REINHILD MÖLLER

 

1. Physical Impairment: Below-knee amputee

 

2. Challenges of Having a Physical Impairment: Not many.  I could not become a ballet dancer.

 

3. Education: Masters Degree in Sport Science and Adapted Physical Education

 

4. Employment: Run and own (R-active) – travel & adventure tour company for people with disabilities

 

5. Interests / Hobbies: Skiing, mountain biking, gardening and traveling

 

6. Life’s Ambition / Goals / Passion: To break down barriers of negative attitudes and prejudice

 

7. Advice “Life’s Lesson”:

The best support in life, or promotion for a successful life, is challenge.

 

MORE ABOUT REINHILD

 Stubbornness or Determination

Reinhild Möller

 

My life’s future seemed destined when I lost my leg in a farming accident at the age of three.

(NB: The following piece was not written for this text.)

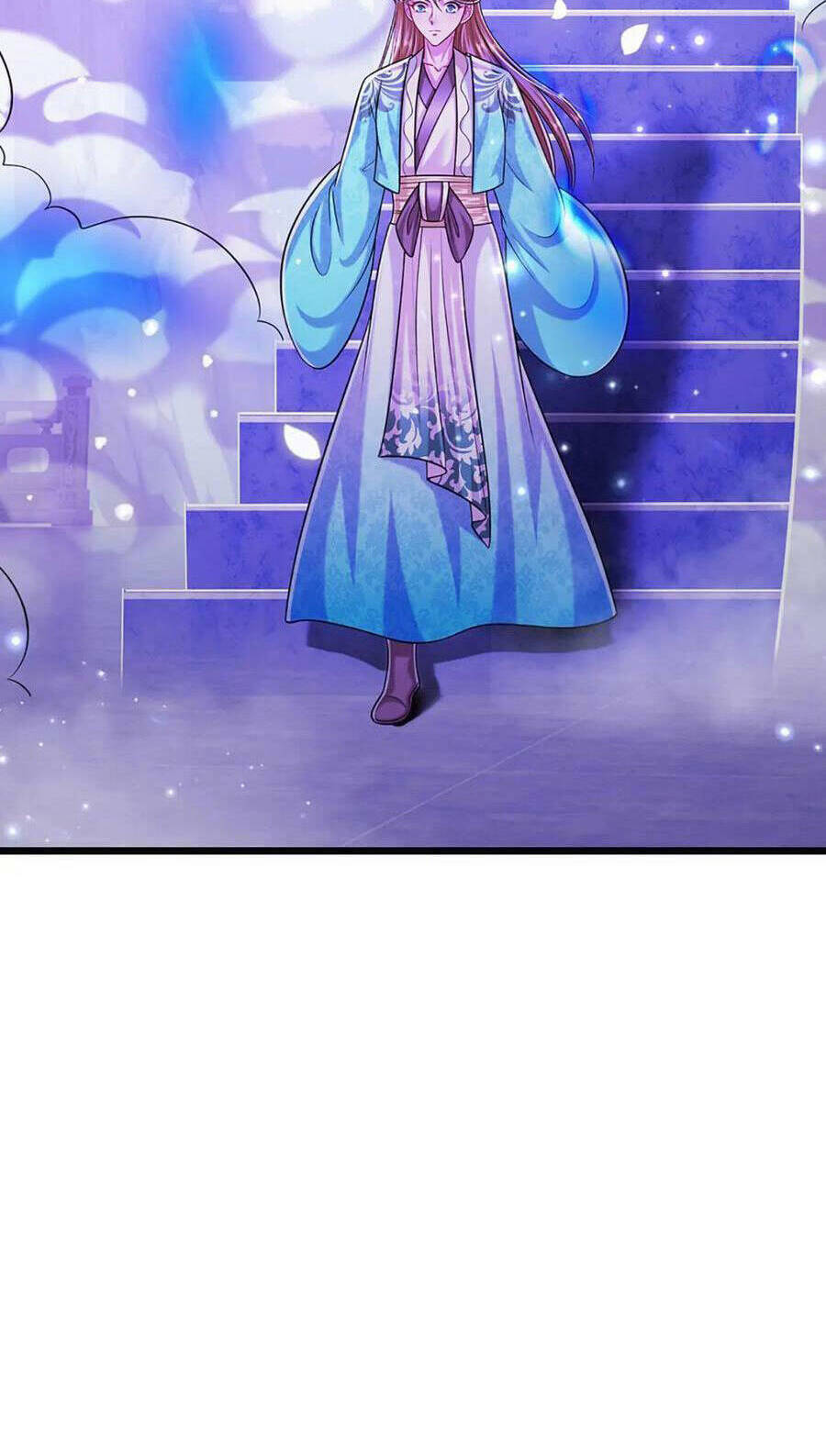 Bị Giam Cầm Trăm Vạn Năm Đệ Tử Ta Trải Khắp Chư Thiên Thần Giới Chapter 247 - 39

People thought I was crippled and had pity on me.

 

My parents had a small farm and had very little income. Like most households in the village, we had three or four cows, five or six pigs, and the chickens were running free in the back and front yard. The village, even today, is like one big family living in a cluster of different houses. Our Grandparents were an integral part of the family.

 

During childhood, I was the poor little girl that had lost a leg in that tragic accident. I experienced how easily people became prejudiced. I wondered why people felt sorry for me. I didn’t think that there was anything wrong with me! It was then that I felt I wanted to prove everyone was wrong.

 

I was expected to stay single since no man would be attracted to a woman with an artificial limb. If it had not been for this kind of attitude, my education would be like that of all other kids in the village, which would have consisted of grammar school, then an apprenticeship in town. I was the only farm girl in the village that went to college and got a degree. I think I might be to this day.

 

As a young girl I had the reputation of being worse than a whole bunch of boys. My Grandma, who had hardly ever left the village in her life, was convinced that after my accident I had only received blood transfusions from “very wild street boys.”

 

I did like everything exciting and that seemed to scare my friends. I always liked to push the envelope a little further than others thought was possible. One time I was curious to see how it would be to ride my bicycle with my eyes closed. Just as I began to analyze how it felt, my bike came to a sudden stop. Our neighbour’s tractor was in my way. I had to push the bike with a wobbly front tire all the way home.

 

As far back as I can remember, I would not allow people to determine what I could or could not do. My sister and I had to help on the farm after school in the summer when the seasonal work was intense. After a day in the field my mother always made time to go with us to the public swimming pool. The first years after my accident she would put our blanket and towels right next to the edge of the pool so I could reach the water quickly. My mother, and later I, would throw a towel over the artificial limb, to cover it up.

 

When I became a teenager and wanted to join my girlfriends, things started to become difficult. I realized that I was basically hiding from the eyes of the public at the edge of the pool. I asked myself, what do I have to hide? Was I any less than my friends? Not in my opinion! And I did not want to let people think any other way. It took great effort to go to the most popular location at the pool where you had trees and grass to lay on and lots of people around me. Then I walked like most teenagers do in a strutting fashion to the edge of the water, where, very slowly, I would take my leg off and leave it uncovered on the side of the pool. This whole experience strengthened me and gave me self-esteem. I felt that I had the power to make the rules and maintain my dignity.

 

School never was easy for me. I did not care much about it and seemed to manage always at the final moment to pass the tests. Three years of boarding school gave me the first peek of the world outside my little village.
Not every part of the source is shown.